Acorde a Amartya Sen, los organismos de control como tribunales constituidos por especialistas, deben tener por ley total independencia de todo carácter electoral, comenzando desde sus constituyentes, y autoridad para supervisar ciertas decisiones y acciones de los funcionarios públicos, garantizando la razonabilidad y el uso adecuado de los recursos avanzando hacia una gobernanza más ética y comprometida con el bienestar social. El criterio de razonabilidad en las conductas y decisiones políticas sujetas a revisión por este tribunal especializado refiere al proceso por el cual las decisiones políticas o gubernamentales son revisadas y juzgadas, además de sus autores, a la luz de su consideración de incompatibilidad, inaceptabilidad o perjuicio manifiesto para el país o la sociedad. Dicho criterio actúa como defensor de las nociones y fundamentos básicos de una democracia y república, donde la autoridad y el poder debe ser justificado no sólo en origen sino además en su ejercicio sirviendo a los principios que justifican la existencia del propio Estado, evitando empoderar ciega y tiránicamente a las mayorías.

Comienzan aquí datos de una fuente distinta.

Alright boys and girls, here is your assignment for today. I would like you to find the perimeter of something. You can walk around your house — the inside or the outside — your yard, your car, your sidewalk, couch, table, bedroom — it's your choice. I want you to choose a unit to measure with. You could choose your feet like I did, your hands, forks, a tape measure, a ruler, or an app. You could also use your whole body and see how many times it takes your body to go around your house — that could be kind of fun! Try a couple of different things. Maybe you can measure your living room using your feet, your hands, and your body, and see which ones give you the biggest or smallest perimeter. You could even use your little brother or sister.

Bruce Ackerman, en este sentido, afirma que el control judicial especializado de ciertas decisiones políticas es un medio efectivo para evitar el abuso de poder mediante su revisión, asegurándose el cumplimiento de las disposiciones constitucionales y legales que salvaguardan los derechos humanos y civiles más el bienestar social.

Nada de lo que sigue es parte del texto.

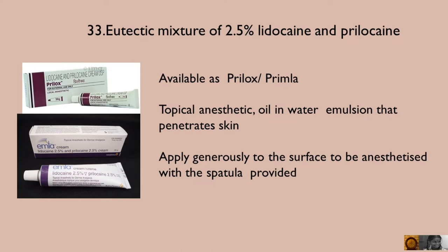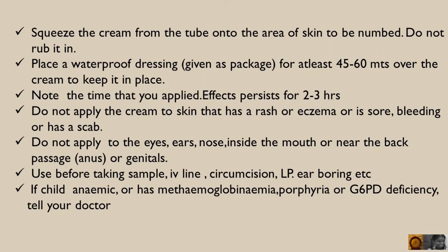Apply generously to the surface to be anaesthetized with a spatula. Squeeze the cream from the tube onto the area of skin to be numbed. Do not rub it on. Place a waterproof dressing, as given in the package, for at least 45-60 minutes over the cream to keep it in place.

Así, sin erosionar la separación de poderes y el equilibrio institucional, el criterio de legalidad y razonabilidad acorde a la normativa del sistema de accountability, refiere a la evaluación de ciertas decisiones gubernamentales o legislativas para su legitimidad y mayor probabilidad de aceptación por la ciudadanía como medidas justificadas y necesarias, basadas en evidencias sólidas, análisis objetivo, experticia y en favor del bienestar general. Para ello, el principio de razonabilidad consta de al menos cuatro cualidades. La idoneidad, evaluando si el fin perseguido es legítimo considerando luego la adecuación del medio propuesto. La necesidad, valorando si la medida determinada es la menos restringente de toda otra igualmente eficaz para lograr la finalidad propuesta. La proporcionalidad, evaluando si la medida a tomar guarda una admisible relación entre las demandas generadas en los ciudadanos respecto de los beneficios de su aplicación para el bien común. Y la conformidad, por la cual el acto debe ser afín a los principios filosóficos, políticos y sociales a los cuales se considera ligada la existencia de la sociedad.

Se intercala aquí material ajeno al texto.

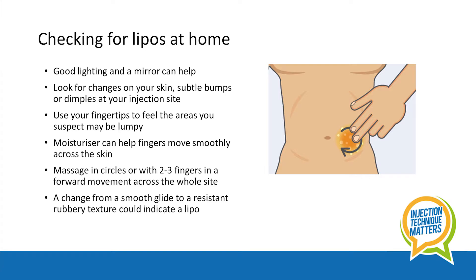So how can you check for lipos whilst at home? Good lighting and a mirror can help you to have a close look. Look for changes on your skin where you inject, perhaps during or after a bath or shower. Look for subtle bumps or dimples at the site.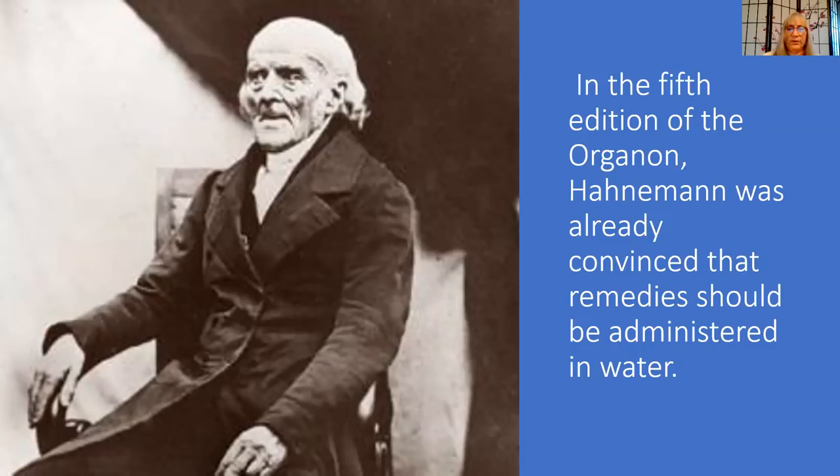Hahnemann wrote: 'Experience has shown me that it is most useful to give to the patient the powerful homeopathic pellet or pellets only in solution, and the solution in divided doses. We give the medicine dissolved in four to eight ounces of water without any addition. In acute and very acute diseases, every six, four, or two hours — when danger is urgent, even every hour or half an hour, a tablespoon at a time. In chronic disease, I have found it best to give a dose — a spoonful of a solution — at least every two days, usually more, every day.'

Conclusión, tal como afirma Lon Fuller, un estado de derecho exige reglas claras, congruentes entre sí, estables, generales y una coherencia entre las acciones oficiales y dichas reglas, por lo cual el criterio de razonabilidad y el poder de revisión y veto de ciertas decisiones gubernamentales, ejecutivas, administrativas, legislativas o de Estado, manifiestamente contra el bien público, más el juicio y pena efectiva para los funcionarios involucrados en mala praxis, es una piedra angular para evaluar la calidad de las decisiones políticas, asegurar su fundamento en la legalidad y el bien común, garantizando la gobernanza legítima y previniendo el abuso de poder y la impunidad. Sólo así podremos avanzar hacia una sociedad más justa, equitativa y en la cual los políticos y funcionarios rindan cuentas a quienes los eligieron para representarlos o servirlos.